Pairwise Comparisons Using emmeans in Mixed Three-Way Interactions

interactionlme4-nlmemixed modelmultiple-comparisonsr

I have a rookie question about emmeans in R.

I fit a complex model using lmer() with the following variables:

  • A: a binary categorical predictor, within-subject
  • B: a binary categorical predictor, within-subject
  • C: a categorical predictor with 4 levels, between-subject
  • X & Y: control variables of no interest, one categorical, one continuous.

The model is as follows:

fit1 <- lmer(rt ~ 1 + A*B*C + X + Y + (1+A*B|Subject))

Now I'm mostly interested in how the A*B interaction differs across different levels of C (i.e., is the interaction different across the four groups I have). I was trying to use emmeans to get to the bottom of this, and I have found some very useful threads here on CrossValidated, but I cannot seem to find one that I can generalize easily to my case.

Here's what I did: I created a new model with an interaction term (AB = A*B).

fit1b <- lmer(rt ~ 1 + A*C + B*C + AB*C + X + Y + (1+A*B|Subject))

Then used emmeans like this:

emms <-  emmeans(fit1b, ~ AB*C)
contrast(emms, interaction = "pairwise")

This results in an output that seems to make sense, however, I'm really uncertain about whether this setup makes any sense to begin with. Essentially my goal is to be able to determine whether the A*B interaction in greater in group x compared to group y, while controlling for all the other stuff in the model.

Is this a good way of doing this? Is there an easier/nicer way to do this?

EDIT: I created a simulated data set – here it is: https://osf.io/4cr8x
A is actually congruency in a conflict task, and B is previous trial congruency that's why the first trials have no value in that column. C is the group variable, just like in the example above. X and Y are the controls, with X being trial number and Y being sex.

EDIT 2: And here's the exact code I ran on the simulated data:

library(lme4)
library(lmerTest)
library(emmeans)


Data <- read.csv("simdat.csv",header=TRUE, sep=",", na.strings="-999", dec=".", strip.white=TRUE)
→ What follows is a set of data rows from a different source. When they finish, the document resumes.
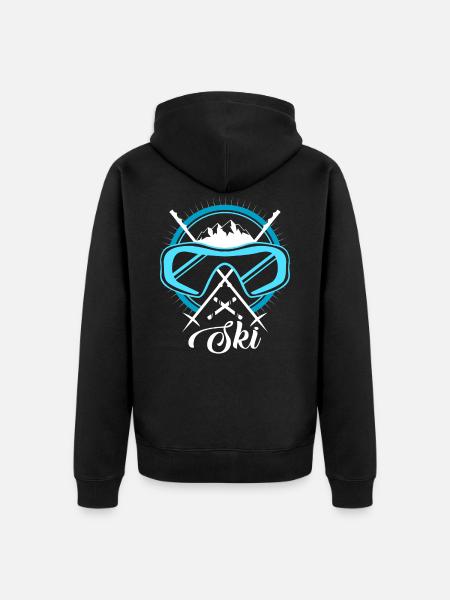 To ski - Unisex Premium Organic Zip Hoodie - black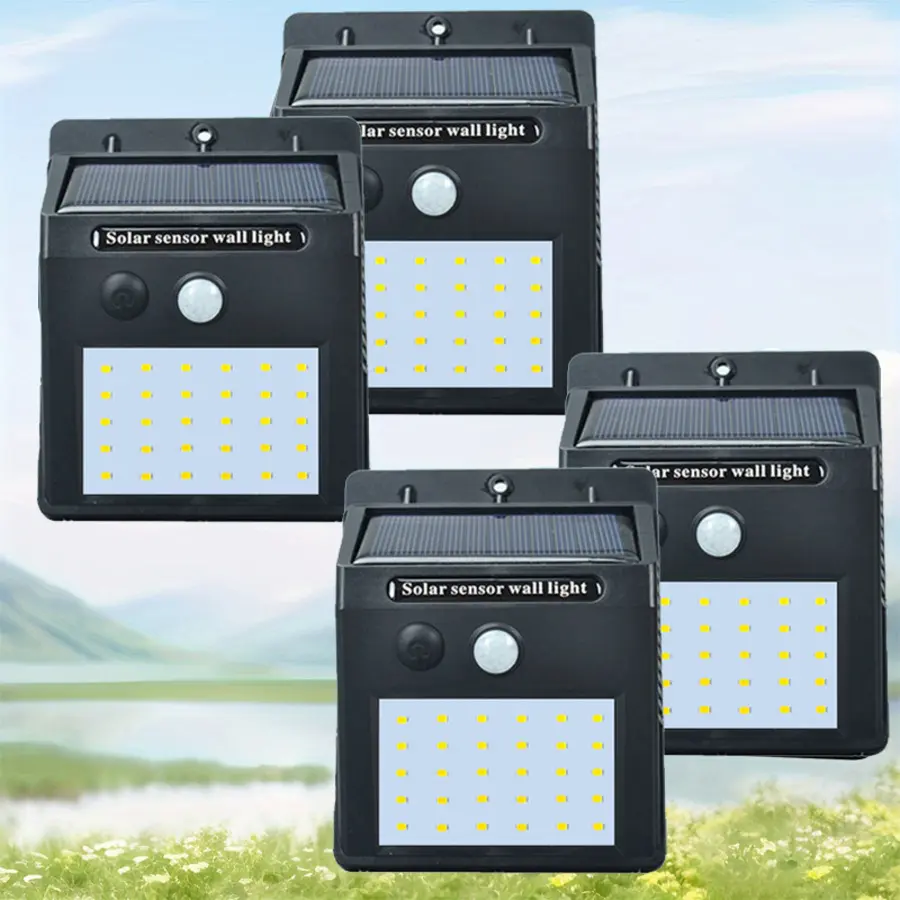 Solar Outdoor Lights -4-Piece Set, Equipped With Dynamic Sensing Safety Lights, 3 Lighting Modes, Wireless Solar Wall Lights, Suitable For Gardens, Fences, Courtyards, Decks, Garages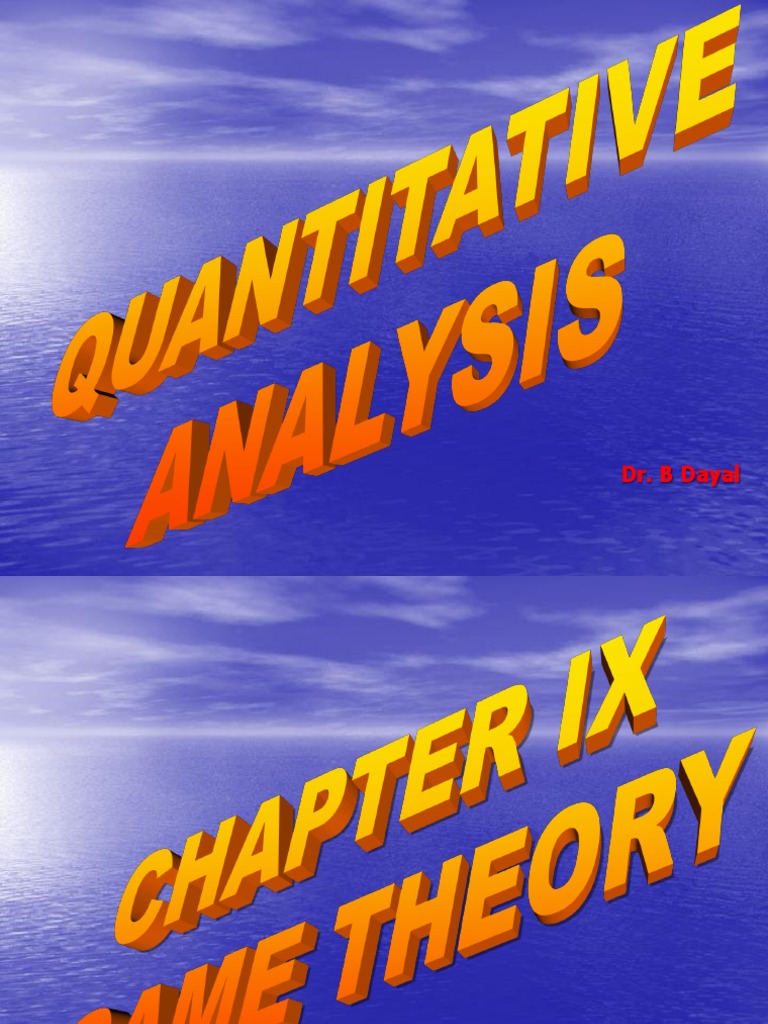 CHAPTER 9 Game Theory PDF Quantitative Research Mathematical Economics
Data$A <- as.factor(Data$A)
Data$B <- as.factor(Data$B)
Data$C <- as.factor(Data$C)
Data$Y <- as.factor(Data$Y)
Data$Subject <- as.factor(Data$subject)

fit1 <- lmer(rt ~ 1 + A*B*C + X + Y + (1|Subject), data = Data, verbose = 0, REML = F) #I simplified the random structure as the original wouldn't converge with the simulated data

interaction_term <- (as.numeric(levels(Data$A))[Data$A])*(as.numeric(levels(Data$B))[Data$B])
Data$AB <- as.factor(interaction_term) 

fit2 <- lmer(rt ~ 1 + A*C + B*C + AB*C + X + Y + (1|Subject), data = Data, verbose = 0, REML = F)

emms <-  emmeans(fit2, ~ AB*C)
contrast(emms, interaction = "pairwise")

Best Answer

It shouldn't be necessary to fit a separate model just to do the post-hoc comparisons you want. You had tried:

emms <-  emmeans(fit1b, ~ AB*C)
contrast(emms, interaction = "pairwise")

but you can get the same results from the original model using by variables judiciously:

emms1 <- emmeans(fit1, ~ A*B | C)
con1 <- contrast(emms1, interaction = "pairwise")
pairs(con1, by = NULL)

The con1 results are the desired 1-d.f. interaction effects for each level of C (the by factor is remembered). Then we compare them pairwise, no longer using the by grouping. By default, a Tukey adjustment is made to the family of comparisons, but you may use a different method via adjust.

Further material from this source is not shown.